M. Moivre parcourut toute la géométrie de l'infini avec la même facilité et la même rapidité, qu'il avait parcouru la géométrie élémentaire ; il fut bien-tôt en état de figurer avec les plus illustres mathématiciens de l'Europe ; et par un grand bonheur, il devint ami de M. Newton même.

En 1697, il communiqua à la Société royale, une méthode pour élever ou pour abaisser un multinome infini à quelque puissance que ce sait, d'où il tira depuis une méthode de retourner les suites, c'est-à-dire d'exprimer la valeur d'une des inconnues par une nouvelle suite, composée des puissances de la première. Ces ouvrages lui procurèrent sur le champ une place dans la Société.

Il avait donné en 1707 différentes formules pour résoudre, à la manière de Cardan, un grand nombre d'équations, où l'inconnue n'a que des puissances impaires ; ces formules étaient déduites de la considération des secteurs hyperboliques, et comme l'équation de l'hyperbole ne diffère que par les signes de celle du cercle, il appliqua les mêmes formules aux arcs du cercle ; par ce secours, et celui de certaines suites, il résolut des problèmes qu'il n'eut osé tenter sans cela. Ces succès lui attirèrent les plus grands éloges de la part de M. Bernoulli et de M. Leibnitz.

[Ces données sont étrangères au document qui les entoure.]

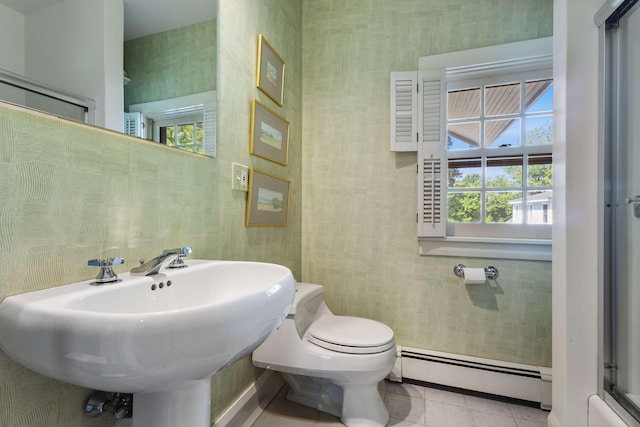 33 Rocky Ln, Ogunquit, ME 03907 - bathroom featuring a baseboard heating unit and tile patterned flooring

M. de Montmort ayant publié son analyse des jeux de hazard, on proposa à M. Moivre quelques problèmes plus difficiles et plus généraux, qu'aucun de ceux qui s'y rencontrent : comme il était depuis longtemps au fait de la doctrine, des suites et des combinaisons, il n'eut aucune peine à les résoudre ; mais il fit plus, il multiplia ses recherches, et trouva ses solutions et la route qu'il avait prise si différentes de celles de M. de Montmort, qu'il ne craignit point qu'on put l'accuser de plagiat ; aussi de l'aveu de la Société royale qui en porta le même jugement, son ouvrage fut imprimé dans les transactions Philosophiques, sous le titre de mensura sortis.

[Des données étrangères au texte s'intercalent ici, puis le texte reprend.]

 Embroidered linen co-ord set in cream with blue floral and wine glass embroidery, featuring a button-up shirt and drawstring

M. Moivre donna depuis deux éditions anglaises de son ouvrage, dans lesquelles il renchérit beaucoup sur les précédentes ; la seconde surtout qui parut en 1738, est précédée d'une introduction qui contient les principes généraux de la manière d'appliquer le calcul au hazard ; il y indique le fondement de ses méthodes, et la nature des suites qu'il nomme récurrentes, dans lesquelles chacun des termes a un rapport fixe avec quelques-uns des précédents ; et comme elles se divisent toujours en un certain nombre de progressions géométriques, elles sont toujours aussi facilement sommables.

Les recherches de M. Moivre sur les jeux de hazard, l'avaient tourné du côté des probabilités : il continua de travailler sur ce sujet, et résolut la question suivante : " si le nombre des observations sur les événements fortuits peut être assez multiplié, pour que la probabilité se change en certitude ". Il trouve qu'il y a effectivement un nombre de faits, ou d'observations assignables, mais très-grand, après lequel la probabilité ne diffère plus de la certitude ; d'où il suit qu'à la longue le hazard ne change rien aux effets de l'ordre, et que par conséquent, où l'on observe l'ordre et la constante uniformité, on doit reconnaître aussi l'intelligence et le choix ; raisonnement bien fort contre ceux qui osent attribuer la création au hazard et au concours fortuit des atomes.

L'âge de M. Moivre commençant à s'avancer, il se trouva successivement privé de la vue et de l'ouie ; mais ce qu'il y eut de plus singulier, c'est que le besoin de dormir augmenta chez lui à un tel point, que vingt heures de sommeil par jour, lui devinrent habituelles. Enfin, en 1754 il cessa de s'éveiller, étant âgé de quatre-vingt-sept ans. L'académie des Sciences de Paris, l'avait nommé cinq mois auparavant à la place d'associé étranger, et il se flattait même alors, de pouvoir payer cet honneur par quelque tribut académique. (D.J.)